Defendants argue that the rates claimed for work done by paralegals is excessive. (D. Opp. 3.) Nine Cohen paralegals and four Warshaw paralegals worked on the litigation, with hourly billing rates between $120 and $210. (Webber Decl. ¶ 4; Lee Decl. ¶ 4.) Defendants cite authority that rates between $50 and $150 are reasonable in this District, and that defendants' law firm itself bills its paralegals at $120. (D. Opp. 3.) Plaintiffs counter that rates up to $180 have been found reasonable. (Pls. Reply 18.) But the authorities cited by plaintiffs are inapposite because in none of them was the issue of paralegal fees a contested issue, and in all three the legal basis for the fee award was substantively different than the fee-shifting statute at issue here. See In re Fibermark, Inc., No. 04-10463, 2004 WL 2418317, at *7 (Bankr. D. Vt. Oct. 22, 2004) (award of fees from a bankruptcy estate); In re Merrill Lynch Co., Inc. Research Reports Securities Litigation, 246 F.R.D. 156, 177 (S.D.N.Y. 2007) (fees awarded as a percentage of a common fund); Norman v. Salomon Smith Barney Inc., No. 03 Civ. 4391 (GEL) (S.D.N.Y. May 12, 2006) (approval of class action settlement). However, as there is ample support for $150 per hour as a reasonable rate for paralegals in this District, see, e.g., Heng Chan v. Sung Yue Tung Corp., No. 03 Civ. 6048, 2007 WL 1373118, at *5 (S.D.N.Y. May 8, 2007); Outten Decl. ¶ 5, that rate may be applied here. Accordingly, Cohen's fee award is reduced by $63,585 and Warshaw's fee award is reduced by $3,352.

The calculation for the reduction in Cohen's fee award is provided by plaintiffs themselves. (See Pls. Reply 20 n. 6.) The reduction in Warshaw's award is calculated by adding up the difference in fees for each of the three paralegals for whom an hourly rate greater than $150 was sought:Rate Billed Fee difference at per hour Hours $150 per hour Total $3,352

B. Promotion Claim

Defendants also argue that Cohen's award should be reduced for time spent on the class promotion claim, which was withdrawn prior to trial. (Defs. Opp. 6-7.) But work on such a claim is not compensable only if it is "wholly unrelated" in fact or law to plaintiffs' successful claims. Lunday, 42 F.3d at 134. Defendants contend that "plaintiffs should have recognized early on the futility of pursuing the promotion claim" (Defs. Opp. 6), but they do not argue that the claim is "wholly unrelated" to their claim for compensation. And indeed, the promotion claim is related to the compensation claim because alleged discrimination in promotion provided a basis for plaintiffs' expert to exclude "officer title" from his statistical analysis of compensation differences between men and women at Willis. (Webber Reply Decl. ¶ 2.) If that variable had been included, a percentage of the difference in compensation between men and women would have been explained by the fact that the men had, on average, more senior titles at Willis than did women. Thus, even though plaintiffs did not ultimately pursue their promotion claim, the work they did on that claim was factually and legally related to their compensation claim, and contributed to the success of that claim. It is therefore reasonably compensable.
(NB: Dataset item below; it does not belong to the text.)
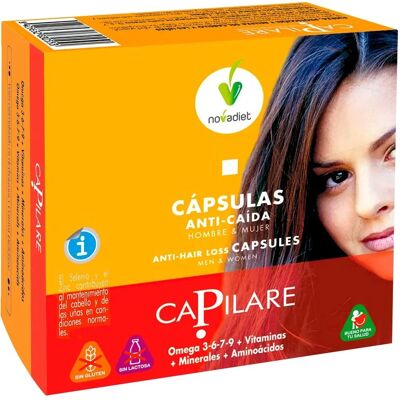 Novadiet Capilare - Proteção contra a queda de cabelo - 60 cápsulas Novadiet Capilare - Proteção contra a queda de cabelo - 60 cápsulas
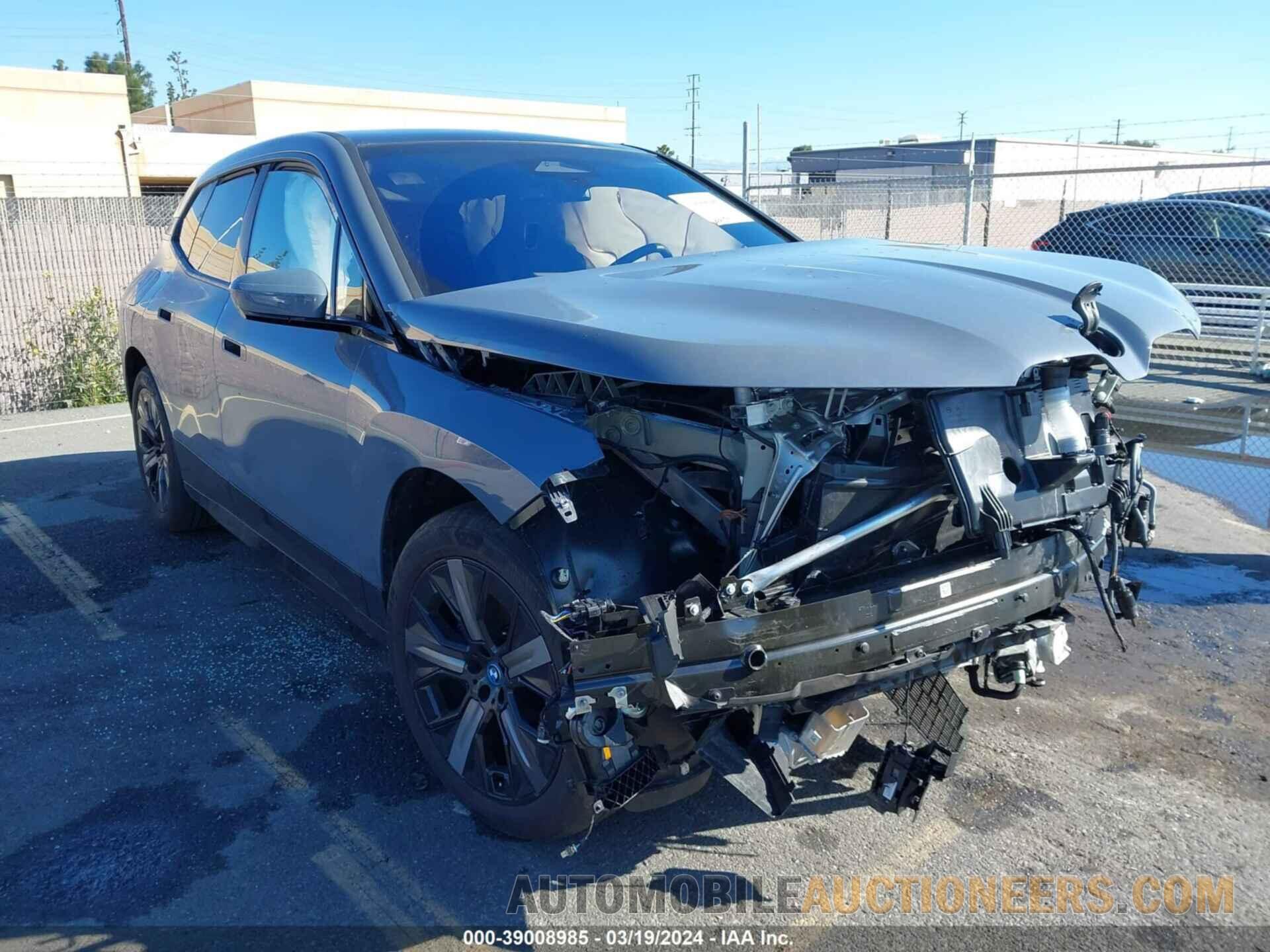 WB523CF03PCM03130 BMW IX 2023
C. Mahon and Scheller Representation

Defendants' remaining arguments focus on fees claimed by Warshaw. They argue that time Warshaw spent representing two individual employees of Willis, Meg Mahon and Heidi Scheller, whose individual claims were ultimately not pursued by plaintiffs, is not compensable. (Defs. Opp. 8-10.) As with the argument regarding the promotion claim above, the question is whether plaintiffs' work with respect to these two individuals is "wholly unrelated" to their successful claims for class relief.

With regard to Mahon, much of the time Warshaw spent was "wholly unrelated." On May 10, 2004, Mahon agreed to withdraw her individual claims, to cease serving as a class representative, not to provide evidence in support of class certification, and not to provide evidence for any motions or trial without first submitting to a deposition. (Defs. Opp. 9; Plevan Decl. ¶¶ 19-20;id. Ex. I.) Despite this agreement, and despite Mahon's never submitting to a deposition (see Plevan Decl. Ex. K), Warshaw continued to devote time to Mahon after this date (Plevan Decl. Ex. C 33-37). Plaintiffs do not explain how this time was in any way related to their class claims, and in light of Mahon's severely diminished role, it is difficult to conceive how it could be related to those claims. Accordingly, time spent by Warshaw after May 10, 2004, speaking to or about Mahon or otherwise working on matters related to her, is not compensable. The fees sought for this time total $49,519 (Plevan Decl. Ex. C 37), and plaintiffs' award is reduced by this amount.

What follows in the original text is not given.